Shane Rigon

Personal information
- Full name: Shane Rigon
- Born: 6 January 1977 (age 49) Sydney, New South Wales, Australia

Playing information
- Height: 180 cm (5 ft 11 in)
- Weight: 94 kg (14 st 11 lb)
- Position: Lock, Centre, Hooker
Club
| Years | Team | Pld | T | G | FG | P |
| 1996–00 | Sydney Roosters | 84 | 18 | 0 | 0 | 72 |
| 2001 | Bradford Bulls | 30 | 12 | 0 | 0 | 48 |
| 2002–07 | South Sydney | 99 | 12 | 0 | 0 | 48 |
|  | Total | 213 | 42 | 0 | 0 | 168 |
Representative
| Years | Team | Pld | T | G | FG | P |
| 1997 | NSW City | 1 | 0 | 0 | 0 | 0 |
- Source:

= Shane Rigon =

Australian rugby league footballer

Shane Rigon (born 6 January 1977) is an Australian former professional rugby league footballer who played in the 1990s and 2000s.

==Background==
Rigon was educated at Christian Brothers' High School, Lewisham. He played junior rugby for Lewisham Christian Brothers and St George Dragons.

==Playing career==
Rigon made his début in the top grade in 1996 for the Roosters against Parramatta. He played for the Roosters from the interchange bench in their 2000 NRL Grand Final loss to the Brisbane Broncos.

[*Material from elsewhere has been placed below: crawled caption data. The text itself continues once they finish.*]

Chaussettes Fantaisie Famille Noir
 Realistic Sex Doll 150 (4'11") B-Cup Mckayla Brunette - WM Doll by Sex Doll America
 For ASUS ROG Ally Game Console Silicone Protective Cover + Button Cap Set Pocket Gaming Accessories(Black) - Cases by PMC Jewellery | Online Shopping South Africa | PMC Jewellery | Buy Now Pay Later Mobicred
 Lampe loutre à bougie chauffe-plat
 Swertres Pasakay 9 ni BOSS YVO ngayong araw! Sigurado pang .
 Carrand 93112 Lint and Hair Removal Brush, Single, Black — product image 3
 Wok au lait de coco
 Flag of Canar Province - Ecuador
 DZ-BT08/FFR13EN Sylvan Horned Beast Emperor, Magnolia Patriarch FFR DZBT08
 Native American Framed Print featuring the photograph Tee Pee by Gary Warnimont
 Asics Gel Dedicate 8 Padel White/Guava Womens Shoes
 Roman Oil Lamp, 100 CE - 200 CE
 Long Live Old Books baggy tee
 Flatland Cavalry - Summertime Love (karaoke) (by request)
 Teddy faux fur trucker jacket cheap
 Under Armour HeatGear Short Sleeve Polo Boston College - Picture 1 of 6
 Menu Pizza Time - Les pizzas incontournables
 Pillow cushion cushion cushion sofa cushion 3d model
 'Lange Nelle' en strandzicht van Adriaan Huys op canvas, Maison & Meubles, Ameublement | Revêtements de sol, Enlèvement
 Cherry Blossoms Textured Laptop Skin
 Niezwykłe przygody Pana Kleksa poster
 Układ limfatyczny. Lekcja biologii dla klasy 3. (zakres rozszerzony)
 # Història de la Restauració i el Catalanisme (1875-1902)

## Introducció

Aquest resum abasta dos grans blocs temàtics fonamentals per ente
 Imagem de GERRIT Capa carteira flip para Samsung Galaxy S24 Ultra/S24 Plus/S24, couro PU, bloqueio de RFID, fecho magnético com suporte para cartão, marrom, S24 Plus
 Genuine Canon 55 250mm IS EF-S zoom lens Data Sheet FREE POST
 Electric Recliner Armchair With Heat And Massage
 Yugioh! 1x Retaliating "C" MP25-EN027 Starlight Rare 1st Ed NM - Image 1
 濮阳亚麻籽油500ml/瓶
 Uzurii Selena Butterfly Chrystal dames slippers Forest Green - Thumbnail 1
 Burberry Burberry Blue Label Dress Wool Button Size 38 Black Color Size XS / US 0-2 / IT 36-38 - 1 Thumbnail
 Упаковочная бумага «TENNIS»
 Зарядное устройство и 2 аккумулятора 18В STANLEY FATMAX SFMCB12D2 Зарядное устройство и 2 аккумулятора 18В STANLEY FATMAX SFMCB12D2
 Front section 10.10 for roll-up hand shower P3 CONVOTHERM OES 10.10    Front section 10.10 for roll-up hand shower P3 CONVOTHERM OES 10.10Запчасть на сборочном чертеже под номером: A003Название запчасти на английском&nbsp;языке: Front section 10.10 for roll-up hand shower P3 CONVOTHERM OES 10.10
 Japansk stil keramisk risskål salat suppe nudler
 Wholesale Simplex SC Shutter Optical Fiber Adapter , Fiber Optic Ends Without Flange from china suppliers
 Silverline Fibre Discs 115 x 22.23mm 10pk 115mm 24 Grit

In November 2000, Rigon signed for Bradford Bulls in the Super League. Rigon played for Bradford from the interchange bench in their 2001 Super League Grand Final victory against the Wigan Warriors.

Rigon later returned to Australia to continue playing in the NRL for the South Sydney Rabbitohs during a difficult time in the club's history, as they finished last on the table 3 times in 5 years. Rigon's last game in first grade was a 30–6 loss against Manly-Warringah in the 2007 qualifying final.